Does it make you uncomfortable to admit what you don’t know about God? Why or why not?
8 comments:
I think the older I get and the longer I walk with God, the more I appreciate that I can't understand everything about Him. I don't want to serve a small God, certainly not one that my measly brain can attain to understand. I want to rest in something bigger, wiser, more powerful than myself, and to do that, I have to make peace with the fact that I can't know Him completely until I see Him face to face.
Jack in The Baker's Wife (I'm halfway through) reminds me a lot of Javert in Les Miserable and I've always been fascinated by Javert's reasoning behind his actions. Because of that, I've loved getting into Jack's head a bit and exploring how he thinks about life and the world.
Not any more. I'm distrustful of anyone who claims to know God's will, to know what he will and won't do, based on this, that or the other (usually Scripture quoted out of context.
There is no way a mortal mind can totally understand that which exists in the realm of the supernatural, which is where God resides.
Amen, Anne. I hadn't thought about the comparison to Javert. I like that, because in a corner of my heart I've always had sympathy for Javert, the kind of sympathy rooted in sadness. And I agree with you, Cheryl, though I also believe God wants to make Himself known to us. Humility in approaching Him seems to be key.
What a beautiful post.
Thanks, Olivia.
I love this, Erin!
It does make me uncomfortable to admit what I don't know about God, but I'm learning that those mysteries define our faith. I could definitely classify as a control freak, so realizing that I have no control and that God is not obligated to clearly spell out all the answers for me--well, it can make me a little nuts. I can see clearly how he's teaching me that my strength is not my own and no matter how hard I push, I just can't do everything myself.

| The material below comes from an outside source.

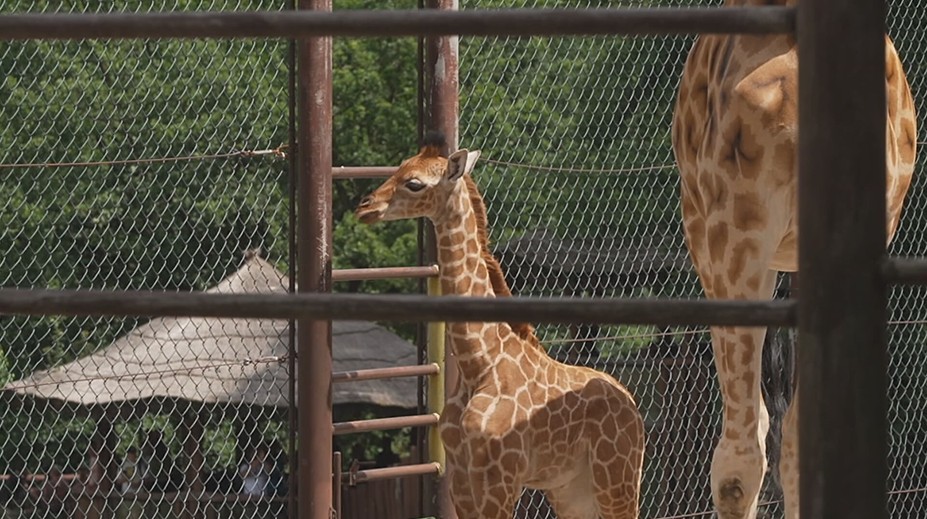 Ostravská zoo slaví. Po 11 letech se tam narodilo mládě žirafy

OK. Now I know I will do everything I can to get my hands on a copy of this book asap.
I tried to stop at my local bookstore tonight, but was interrupted by a phone call which kept me from getting there before they closed.

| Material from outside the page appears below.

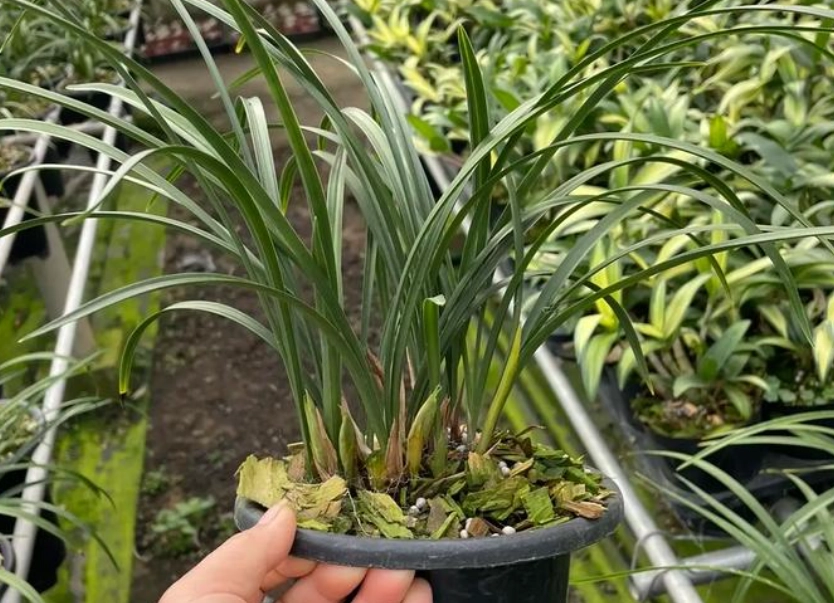 蘭花花苞枯萎原因 蘭花花苞枯萎原因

Your post echoes my current feelings, discoveries and questions. I am definitely also uncomfortable with those who so boldly claim to know what God says or how He directs their every move or thought. BECAUSE it makes me "feel" like there is something wrong with me because I do not know.
If it's ok, I may reference your blog in my post tonight.
Thanks, Erin.
Jennifer, I too am a recovering control freak. I'm 41 and for at least 20 years--possibly longer, though I didn't recognize it--God has been gently exposing the truth that I control far less than I thought I did. At first I resisted, but more and more, I find freedom and comfort in handing over the reins to Him. Nellie, feel free to reference my post. I hope it encourages others too!